A Night to Remember
Year: | 1958 |
Director: | Roy Ward Baker |
The producers likewise researched the real personalities thoroughly and presented the incidents of that night according to eyewitness accounts (it makes you wonder how much James Cameron relied on this film when he made his version over 80 years after the event). You can't help wondering if it helps you know the characters such as White, Ismay, Andrews and Astor having seen the newer version, or if the baggage from it colours your view of them, but it definitely helps you identify them. It even had some of the same lines as Cameron's 1997 magnum opus, apparently immortalised into the history books.

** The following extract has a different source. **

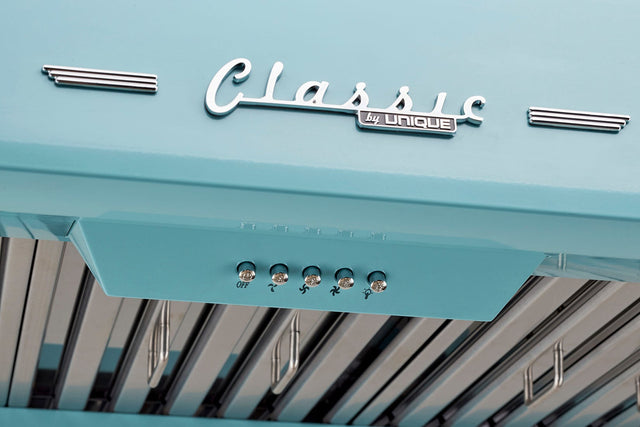 Unique 30' Classic Retro Ocean Mist Turquoise Range Hood UGP-30CR RH T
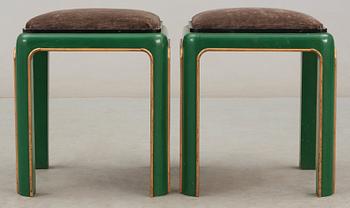 A pair of stools attributed to Otar Hökerberg, Sweden circa 1925.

One aspect that was notably absent from Titanic was the fact that there was actually a lot of sea traffic in the area that night, including a ship that actually saw their distress flares in the distance. The aspect I found the most effective about Titanic was the feeling of the ship being stranded and going down in the middle of nowhere, without another living soul for thousands of miles around to help them. It was made terrifying evident by the long shot from miles above the ship in the middle of the dark, its flare pathetically tiny sparks on the endless ocean. Turns out it was untrue, but fact is stranger than fiction.
It essentially told the same story with similar points of view, but without the three hour romantic backdrop set-up Titanic had. It told it just as effectively, with just as much fear and emotion, and for 1958, quite good effects. It should be essential viewing for a more documentary viewpoint than Cameron offered.